=== Task brief ===
From the listing below, set down exactly the lines between the one holding "Halka açık bir" and the one holding "Handwriting Announcement text", inclusive. No other line is wanted.

=== Extracted material ===
****

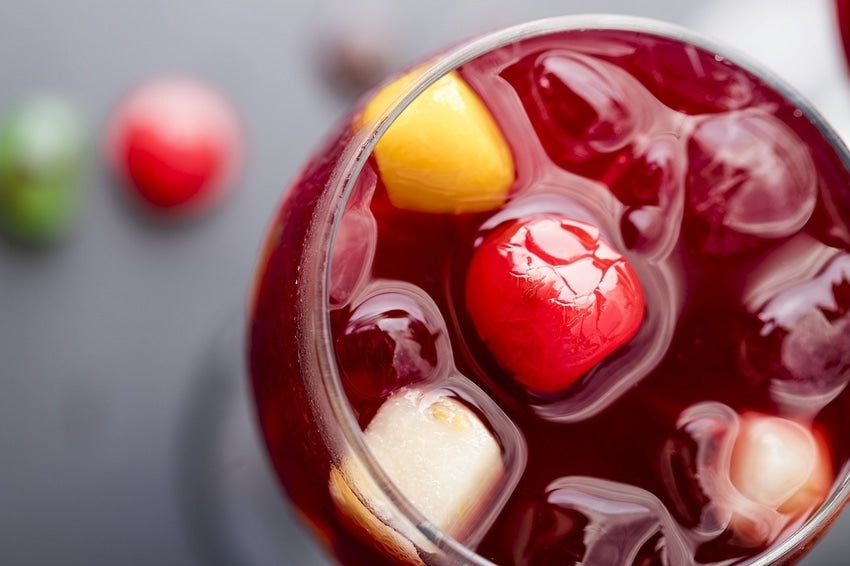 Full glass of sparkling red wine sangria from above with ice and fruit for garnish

****

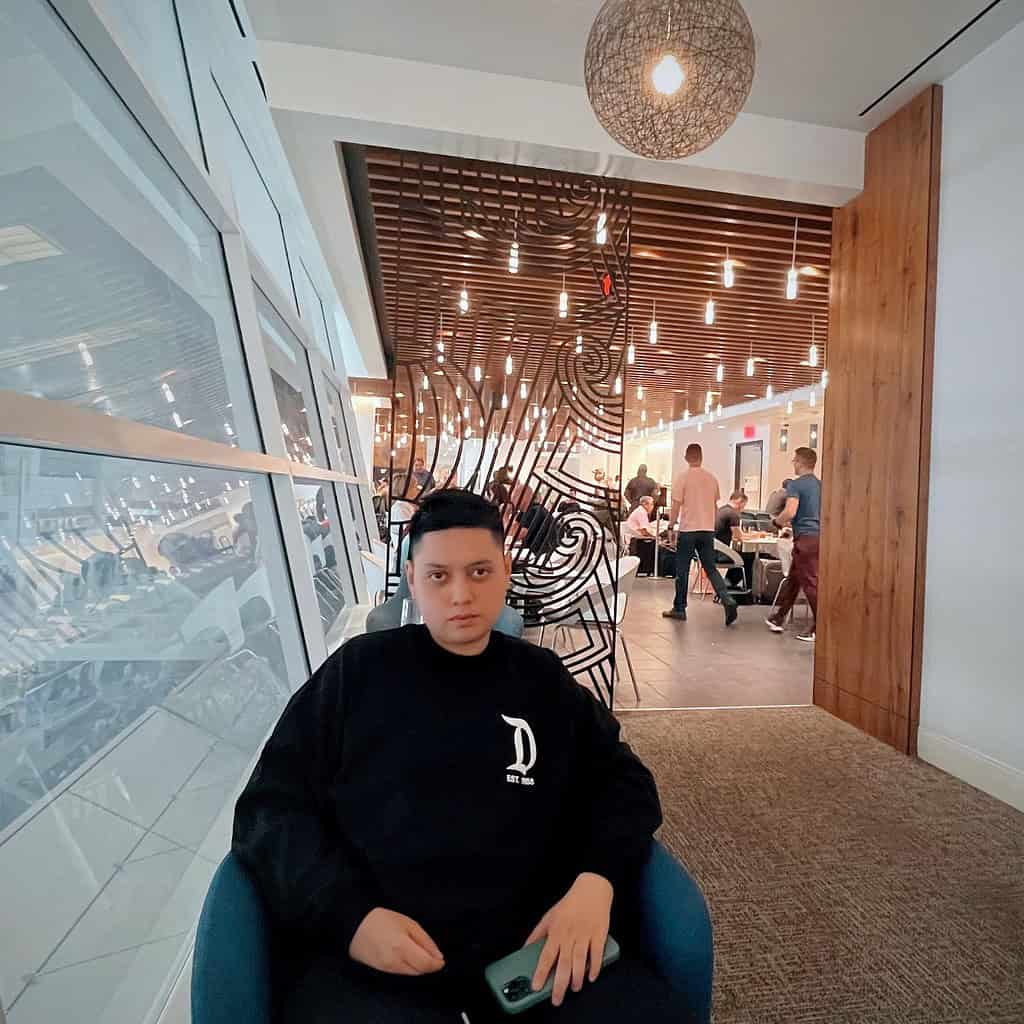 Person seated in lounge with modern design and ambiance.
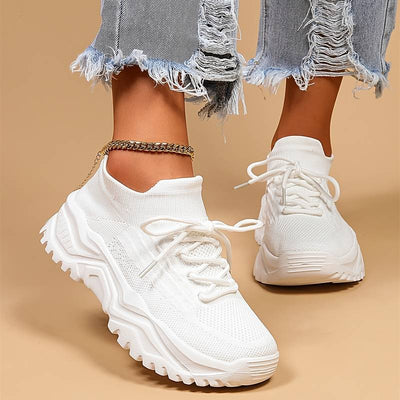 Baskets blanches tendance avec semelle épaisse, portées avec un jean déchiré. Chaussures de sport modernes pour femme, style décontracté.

****

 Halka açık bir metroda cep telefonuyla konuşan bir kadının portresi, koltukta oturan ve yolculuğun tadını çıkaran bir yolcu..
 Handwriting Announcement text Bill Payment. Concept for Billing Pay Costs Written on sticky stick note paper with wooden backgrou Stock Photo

****

=== Task answer ===
 Halka açık bir metroda cep telefonuyla konuşan bir kadının portresi, koltukta oturan ve yolculuğun tadını çıkaran bir yolcu..
 Handwriting Announcement text Bill Payment. Concept for Billing Pay Costs Written on sticky stick note paper with wooden backgrou Stock Photo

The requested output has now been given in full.